Linalg.generic: issue understanding indexing map semantics

I’ve been trying to understand this code snippet with a linalg.generic operation for quite a while now:

%1 = arith.constant dense<
        [[[10, 20]]]> : tensor<1x1x2xi64>
%2 = arith.constant dense<-1> : tensor<1xi64>
%3 = arith.constant dense<
        [[[0], 
          [-2]], 
         [[-1], 
          [0]]]> : tensor<2x2x1xi64>
    
%out = linalg.generic {indexing_maps = [
            affine_map<(d0, d1) -> (d1, d1, d0)>, // accesses %1[0,0,0], %1[0,0,1]
            affine_map<(d0, d1) -> (d1)>,         // accesses %2[0],     %2[0]
            affine_map<(d0, d1) -> (d0, d0, d1)>  // accesses %3[0,0,0], %3[1,1,0] 
            ], iterator_types = ["reduction", "reduction"]} 
        ins(%1, %2 : tensor<1x1x2xi64>, tensor<1xi64>) 
        outs(%3 : tensor<2x2x1xi64>) {
    ^bb0(%in: i64, %in_5: i64, %out: i64):
      linalg.yield %in : i64
    } -> tensor<2x2x1xi64>
    // expected:
    // [[[10], 
    //   [-2]],
    //  [[-1], 
    //   [20]]]
    // ...right?

I’ve traced through the steps by hand, with what I understand the code to do in the comments. The operation essentially updates a diagonal of a tensor with another one.
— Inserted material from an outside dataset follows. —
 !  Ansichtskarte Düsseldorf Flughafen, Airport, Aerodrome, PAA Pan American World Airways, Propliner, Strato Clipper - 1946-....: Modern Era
However, when I execute the code and print the results using the interpreter, I get the following instead for the value of %0:

[[[10], 
  [-4702111234474983746]], 
 [[-4702111234474983746], 
  [20]]]

Those huge negative numbers appeared out of nowhere! It’s not quite what I expected - I’m wondering where my understanding went wrong?

The full code for printing the outputs is here: Compiler Explorer
And can be run by:
mlir-opt file.mlir -one-shot-bufferize -func-bufferize -cse -canonicalize -convert-vector-to-scf -test-lower-to-llvm | mlir-cpu-runner -e main --entry-point-result void --shared-libs="lib/libmlir_c_runner_utils.so,lib/libmlir_runner_utils.so"
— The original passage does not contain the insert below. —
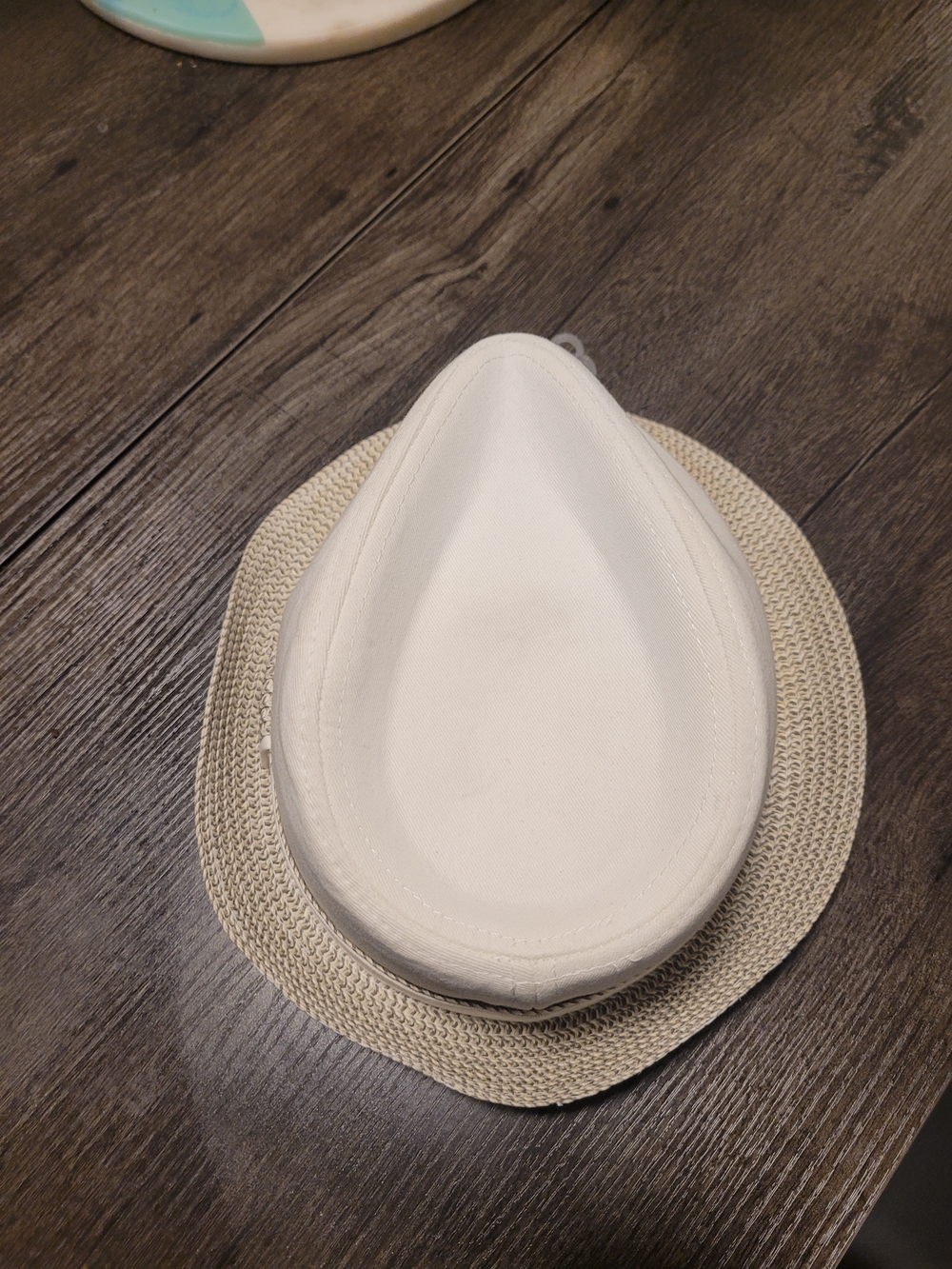 Women's Cream Straw Fedora Hat with White Crown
I believe there is an implicit convention that linalg always defines the full output, and does not preserve original values. That is, the range of the result indexing map must cover the entire coordinate space of the result. This convention is violated here.

Interesting - that’s something I didn’t know about. Thank you very much!